Where do believers go when they die? If you ask any Christian this question, the response will likely be: “Why, they go to heaven of course.” But if you then ask them, “Where do believers go after they go to heaven?” there is a strong probability that your question will be answered with a quizzical expression of surprise. “What do you mean, where do believers go after they go to heaven? They just go to heaven, right?” Well, actually no, not according to Scripture.

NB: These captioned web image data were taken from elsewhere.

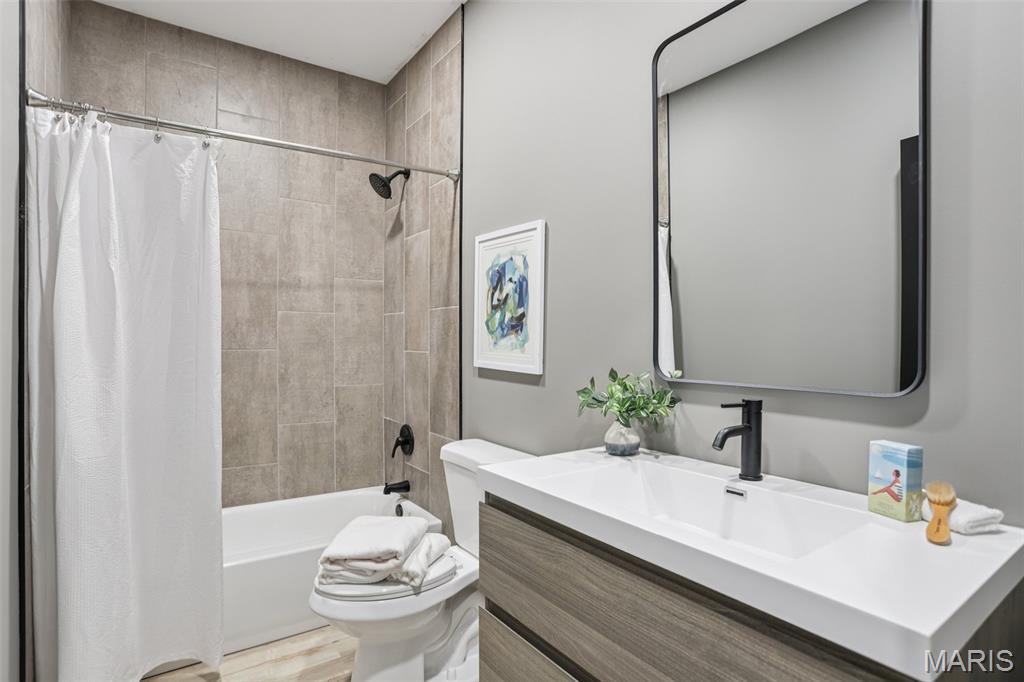 Allen Add - Residential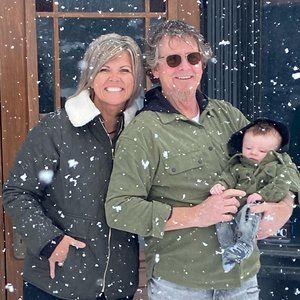 Meet your Posher, Kristi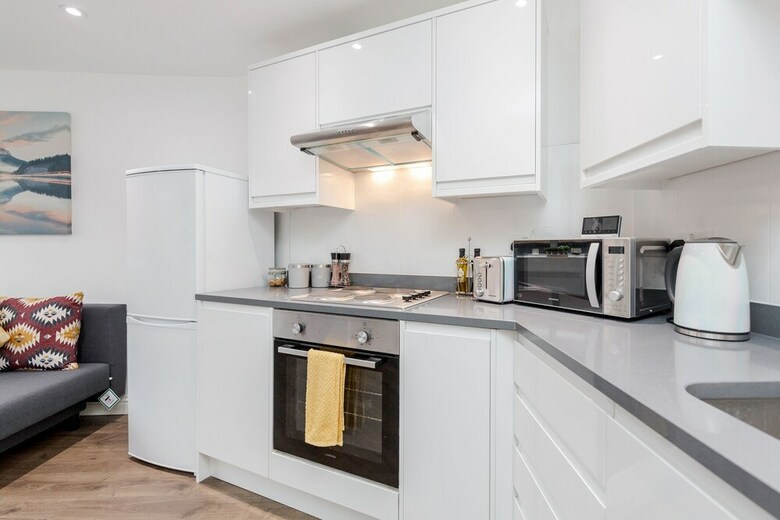 Watford Central Serviced Apartments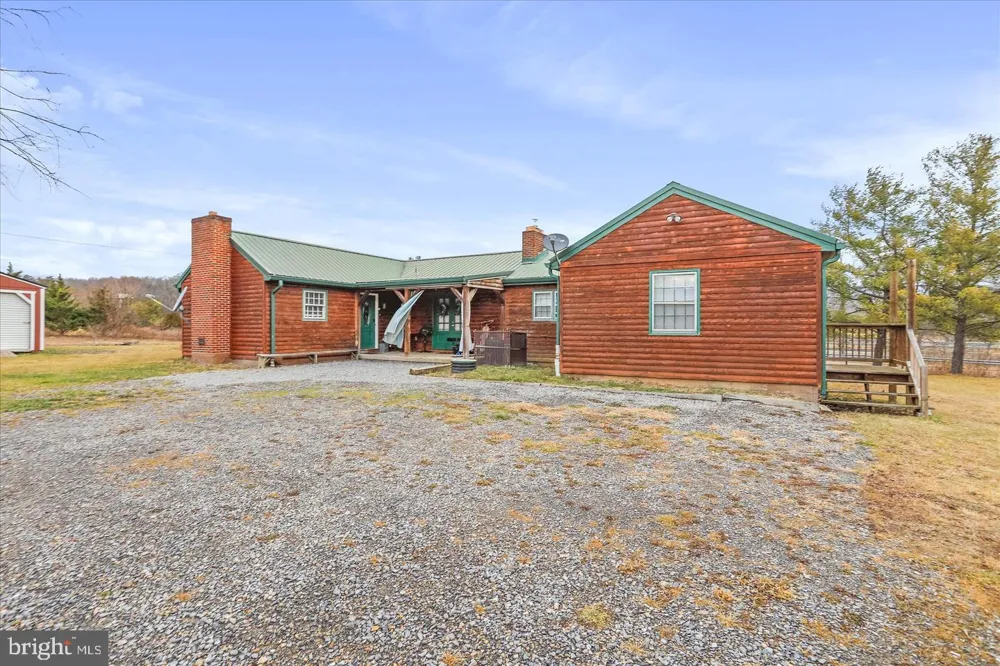 21531 NATIONAL PIKE NE Flintstone, MD 21530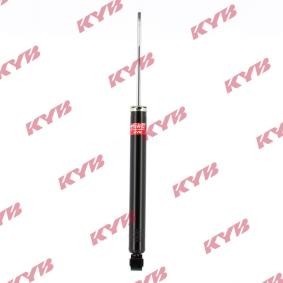 Stoßdämpfer von KYB für CR-V V (RW_, RT_) günstig online kaufen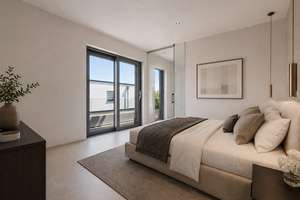 Exklusives Penthouse vor den Toren Kölns – luxuriöses Wohnen mit großzügiger Dachterrasse in Kerpen – 50859 Lövenich, Köln – Vorschaubild 20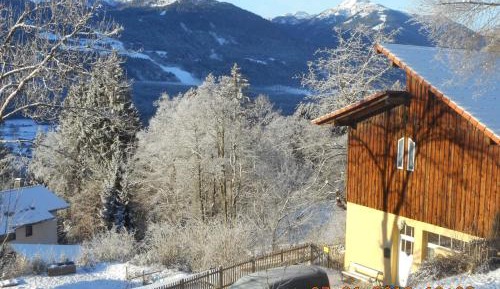 Holiday Home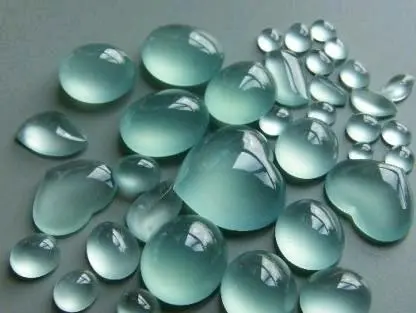 Scientists have discovered a new state of matter "liquid glass"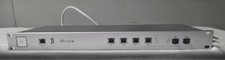 Ubiquiti Networks Unifi Security Gateway Pro 4 USG-PRO-4 Power Tested 
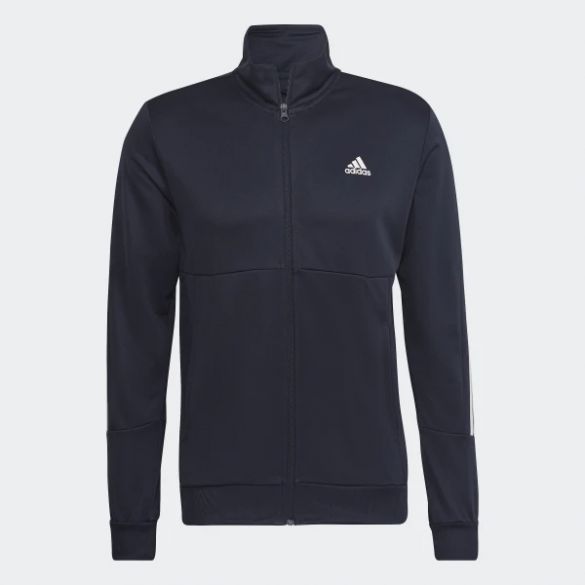 Спортивний костюм Adidas Slim Zipped HK4467_image_9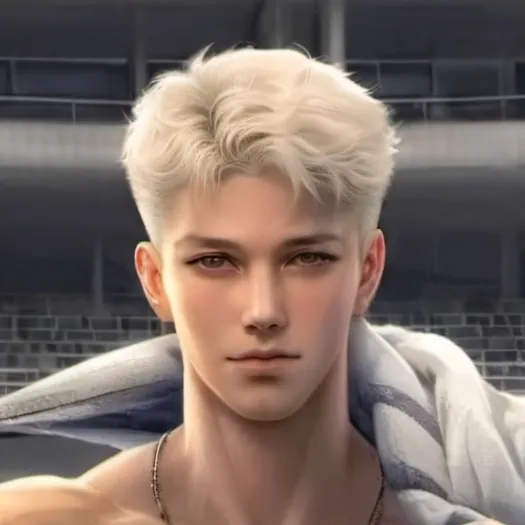 chat with ai character: Goerge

According to Scripture, the soul of a believer does go to be present with the Lord in heaven when he or she dies. But this is only an intermediate state, and the intermediate state is just that — intermediate, or “in-between.” It is not the final state or the ultimate future of believers. The ultimate future of the believer is the resurrection of the body at the Second Coming of Jesus Christ (1 Cor. 15). On that glorious Day, the soul and the raised and transformed body of the believer will be one again as God originally created them to be. Not only will our bodies and souls be freed from the remnants of sin, the heavens and earth will be renewed and freed from the curse of sin as well (Rom. 8:18–25). This new earth, in which righteousness dwells, will be our home.
Modern Christian pop-eschatology has largely obscured this blessed hope by positing a rather Platonic view of the afterlife in which the souls of believers exist in an eternal state of disembodied bliss, floating among the clouds and playing harps. This has occurred because the doctrine of the resurrection of the body, which is central to Paul’s proclamation of the Gospel, and the corresponding doctrine of the new heavens and earth have not received the same attention in our preaching as they did in the preaching of the apostles.
As Paul explains so eloquently in Romans 8, our eager desire for the redemption of our bodies is intimately connected with our hope for the redemption of the entire creation from the ravages of sin. The doctrine of the new heavens and earth, then, is not a peripheral doctrine or a side-issue. It is a key element in the redemptive work of God. It defines the eternal state in which we shall live with Christ forever.
End-times doctrines are often surrounded by controversy and confusion. This should not cause believers to throw their hands up in despair. It is the hope of the editors of Tabletalk that this issue will help to rekindle the biblical hope in the hearts and minds of God’s people who live coram Deo, before the face of God.